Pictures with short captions
____

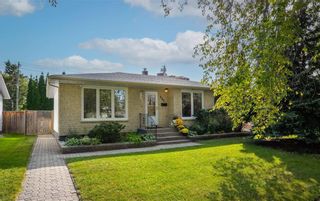 Photo 1: 804 Oxford Street in Winnipeg: River Heights South Residential for sale (1D)  : MLS®# 202222394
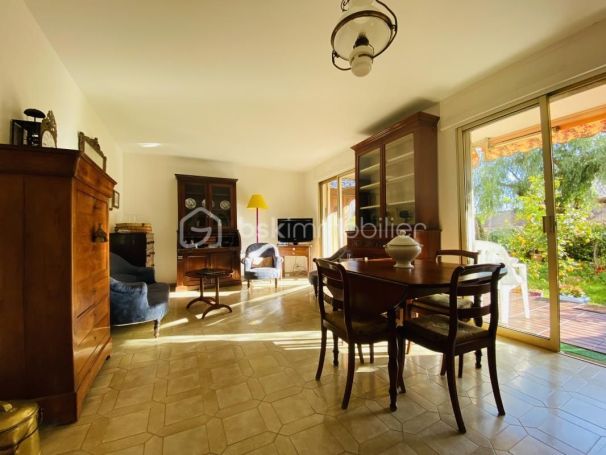 A louer APPARTEMENT DE PRESTIGE T3 65 M2 TERRASSE BORD DE MER SANARY SUR MER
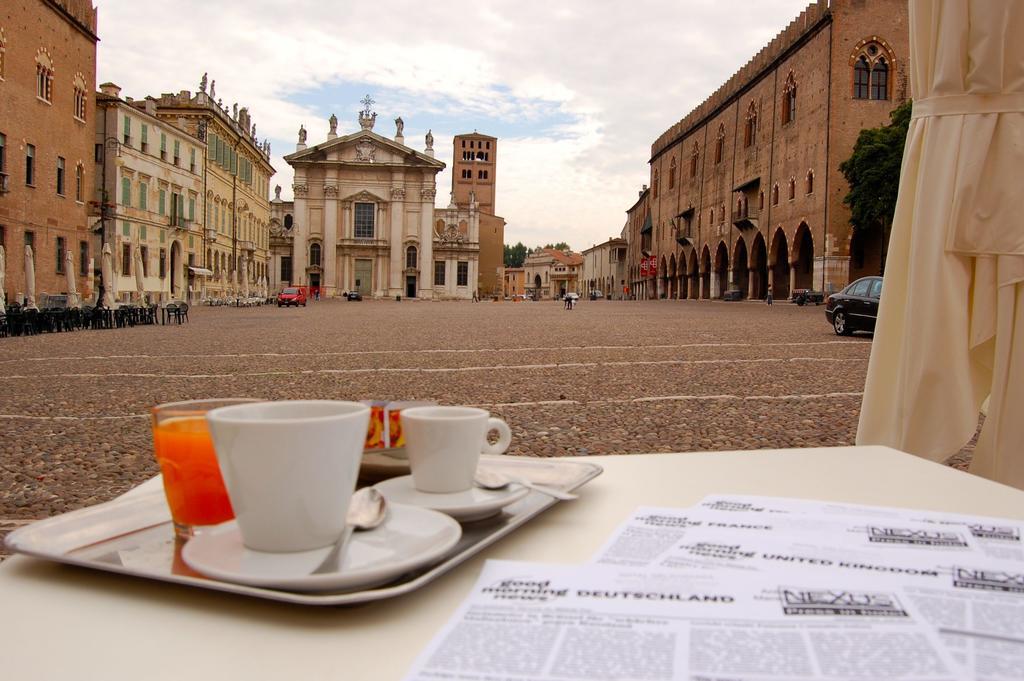 Residenza Accademia Hotel Mantova Exterior foto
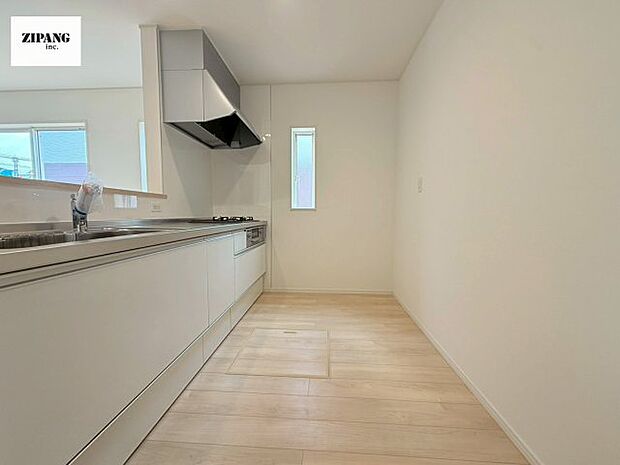 【キッチン】【キッチン】お子さまや家族と距離感近く料理が可能な対面式のシステムキッチンです。3口コンロのキッチンでお料理のレパートリーが増えそうです♪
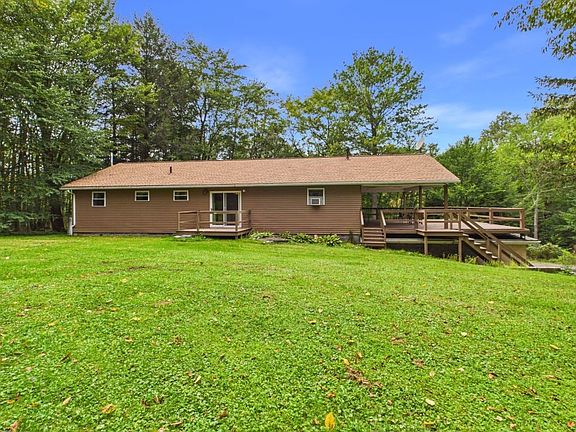 3rd image of 114 Preston Dr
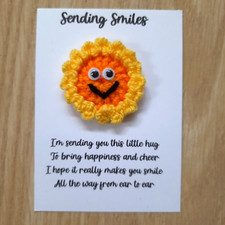 HANDMADE CROCHET SEND A SMILE POCKET HUG keepsake gift send hugs **FREE POSTAGE*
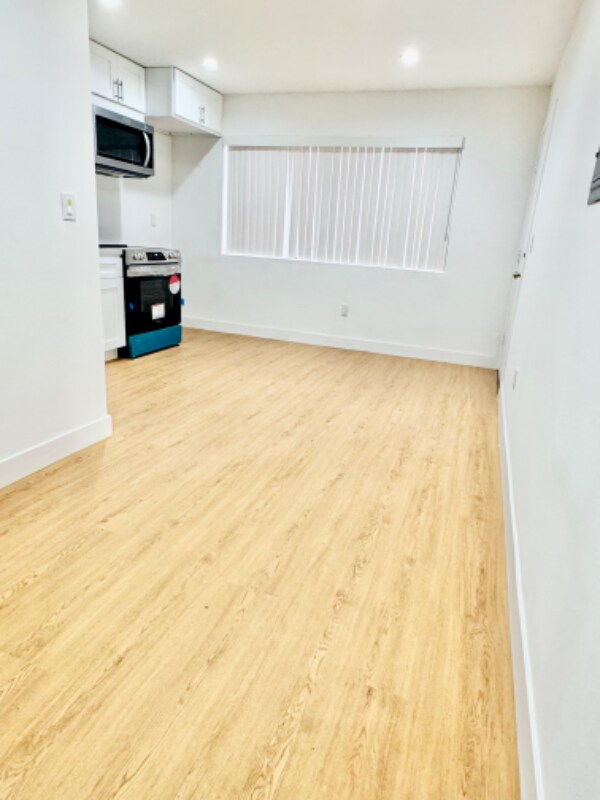 Foto del edificio - 5735 Woodman Ave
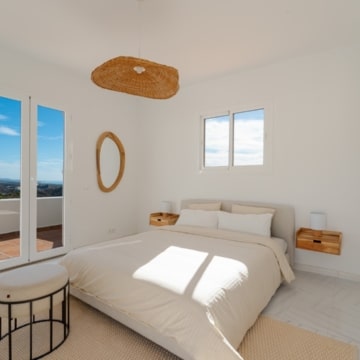 Andalusian style luxury villa with panoramic sea views in El Madroñal, Benahavis Picture 34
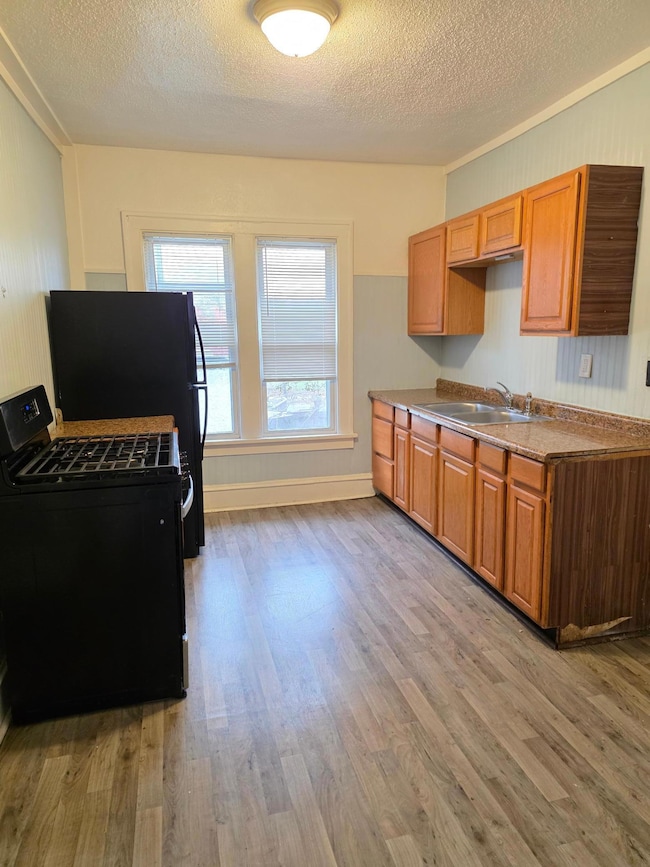 1411 Upton Ave N, Minneapolis, MN 55411 - photo 5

____

◆ Required work ◆
Give the records again without a single change, and exclude the pictures.

◆ Output ◆
 Photo 1: 804 Oxford Street in Winnipeg: River Heights South Residential for sale (1D)  : MLS®# 202222394
 A louer APPARTEMENT DE PRESTIGE T3 65 M2 TERRASSE BORD DE MER SANARY SUR MER
 Residenza Accademia Hotel Mantova Exterior foto
 【キッチン】【キッチン】お子さまや家族と距離感近く料理が可能な対面式のシステムキッチンです。3口コンロのキッチンでお料理のレパートリーが増えそうです♪
 3rd image of 114 Preston Dr
 HANDMADE CROCHET SEND A SMILE POCKET HUG keepsake gift send hugs **FREE POSTAGE*
 Foto del edificio - 5735 Woodman Ave
 Andalusian style luxury villa with panoramic sea views in El Madroñal, Benahavis Picture 34
 1411 Upton Ave N, Minneapolis, MN 55411 - photo 5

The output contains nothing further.